Authors: Max Gladstone
“Can you find your way out?” Izza said.
“Yes.”
“You’re a good swimmer.”
“My father taught me.”
“What happened to him?”
“He died.”
“Oh.” Izza didn’t say, I’m sorry. “Where can I meet you?”
“Tomorrow after sundown, at Makawe’s Rest. A poetry club in the Palm, near Epiphyte and Southern. Thatch roof, open walls, lofted hut. I know Mako, the old blind guy who works there. You can trust him.”
“Okay,” Izza said. “Now go. Someone might come. I don’t want to have to explain you.”
“That makes two of us.”
Kai dove into the water without a splash. The bottoms of her feet kicked twice, pale against the black, and she was gone. Izza felt her go. Kai had already absorbed the soulstuff Izza added to the necklace when she fastened it around Kai’s neck. But some of Izza lingered there: bits of self sunk into that necklace through years of wearing. Not so much you’d notice, unless you almost starved yourself to death.
Which Izza had, many times.
So a piece of Izza sank with Kai, and wriggled free into the ocean. Distance attenuated the sensation: Izza’s soul pulled like toffee, bond stretched long and thin, fading to a toothache in the heart.
Maybe Kai would keep faith. Maybe the contract would hold. Maybe not. Either way, Izza would find her. The necklace could look after itself: the knot Izza had tied would warn her if it was broken, or the cord cut. Only the wait remained.
She stood before the altar and pondered how to wait.
46
Shivering, wet, Kai checked into a hotel in the Palm, one of those cheap transient places with ratty gray carpet that could look clean for a decade between shampoos. Luckily she’d found a cab after a few minutes of limping soaked and cold down the dockside streets. Her clothes dried, mostly, in the cab, but she still looked a mess. The desk clerk barely glanced up from his book—passed her a contract on a clipboard that she signed without reading. She rode the lift to her third-floor room. Floral print wallpaper, holey sheets. Walls and curtains and table and chairs all had a stain-proof sheen, slick as the back of a beetle’s shell.

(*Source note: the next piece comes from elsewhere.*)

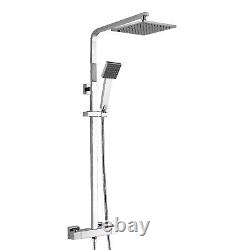 Exposed Twin Round/Square Head Shower Mixer + Slider Rail with Thermostatic Set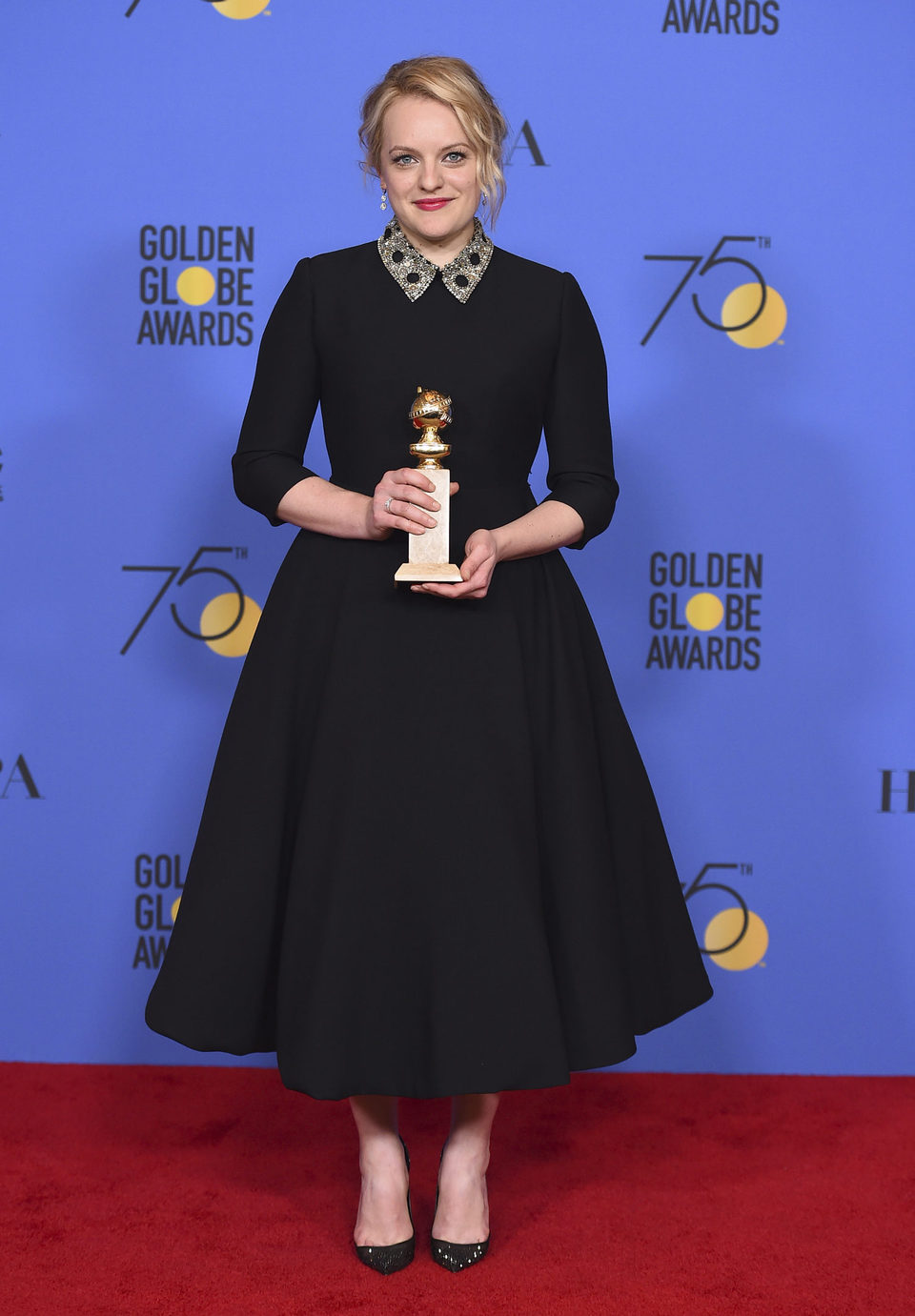 Elisabeth Moss gana el Globo de Oro 2018 como Mejor Actriz de Tv - Drama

She wrung out her clothes in the bathtub, and hung them over the towel rack to dry. Harbor scum crusted her skin, and stained the whites of her nails black. She steamed herself off in the shower. Dark rivulets ran down her body. Dirt and scraps of seaweed flowed into the drain. She painted figures with grime on tile: the half gods of the hidden temple.
She had to dive into the pool, to see the idols, to learn the truth behind the records. Of course, she wasn’t allowed back into the mountain.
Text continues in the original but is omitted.